DATA PROVIDED »
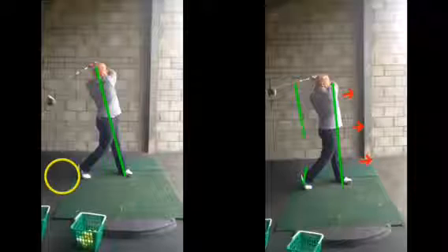So if we can work on that setup, get that spine angle slightly tilted, then we can just shift our weight to target and get a much more consistent ball flight, without that ball going a long way left. Hope that helps — any questions, give me a shout, and I'll see you soon.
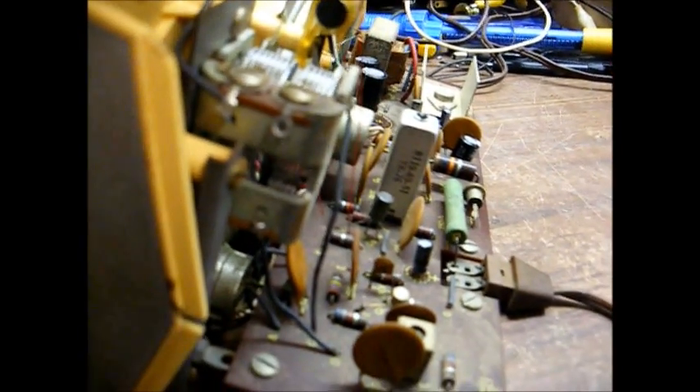I'm just going to tweak this RF section here and see if it gets any better. Okay, that helped a little bit.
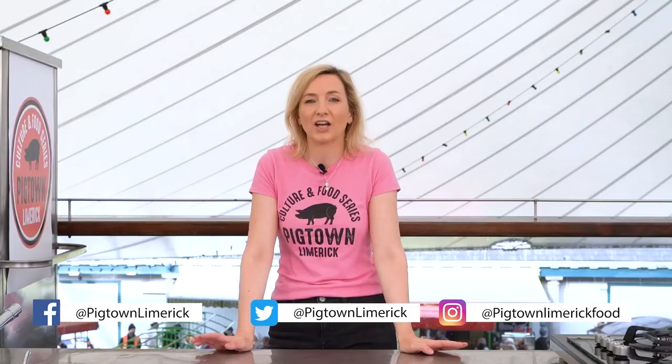Thank you for joining us, and thank you especially to our chefs for taking part in this chef demo series at the Limerick Milk Market. A big thank you to our sponsors — we couldn't do this without you. We hope you enjoyed it. Look for the other videos on our YouTube channel and follow us on Facebook, Twitter, and Instagram. Please check out pigtown.ie, where you'll find out all about Limerick Food Group, Pigtown, and everything else that we do.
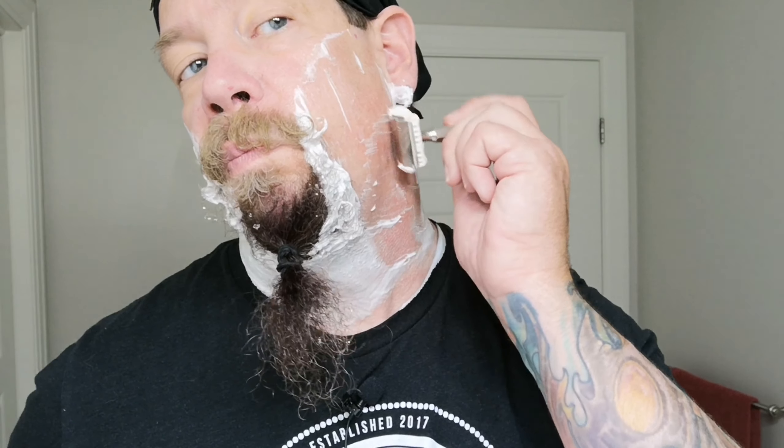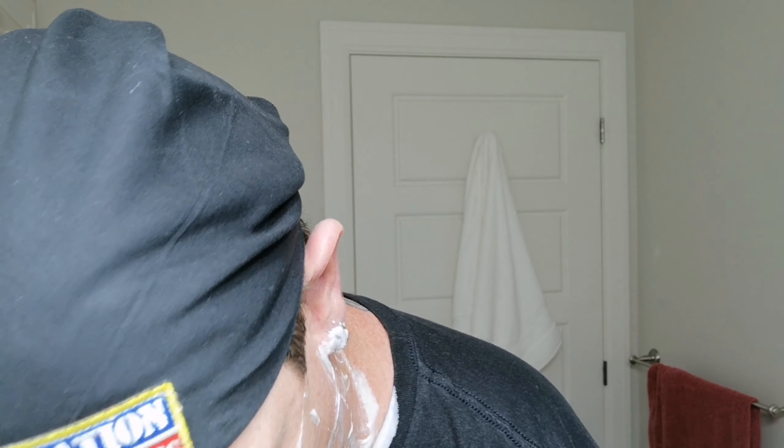That's the first use on that brush — it's not broken in, so it's not going to build a huge lather for the first few uses until it's broken in. So on my left side, I'm not sure which way to hold it. I'm going to hold it like this and see how the blade angle is. Very smooth. Very efficient. So we'll put that one down.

TASK REQUIREMENTS »
Make an exact copy of the listing. Leave its pictures out.

WRITTEN RESPONSE »
So if we can work on that setup, get that spine angle slightly tilted, then we can just shift our weight to target and get a much more consistent ball flight, without that ball going a long way left. Hope that helps — any questions, give me a shout, and I'll see you soon.
I'm just going to tweak this RF section here and see if it gets any better. Okay, that helped a little bit.
Thank you for joining us, and thank you especially to our chefs for taking part in this chef demo series at the Limerick Milk Market. A big thank you to our sponsors — we couldn't do this without you. We hope you enjoyed it. Look for the other videos on our YouTube channel and follow us on Facebook, Twitter, and Instagram. Please check out pigtown.ie, where you'll find out all about Limerick Food Group, Pigtown, and everything else that we do.
That's the first use on that brush — it's not broken in, so it's not going to build a huge lather for the first few uses until it's broken in. So on my left side, I'm not sure which way to hold it. I'm going to hold it like this and see how the blade angle is. Very smooth. Very efficient. So we'll put that one down.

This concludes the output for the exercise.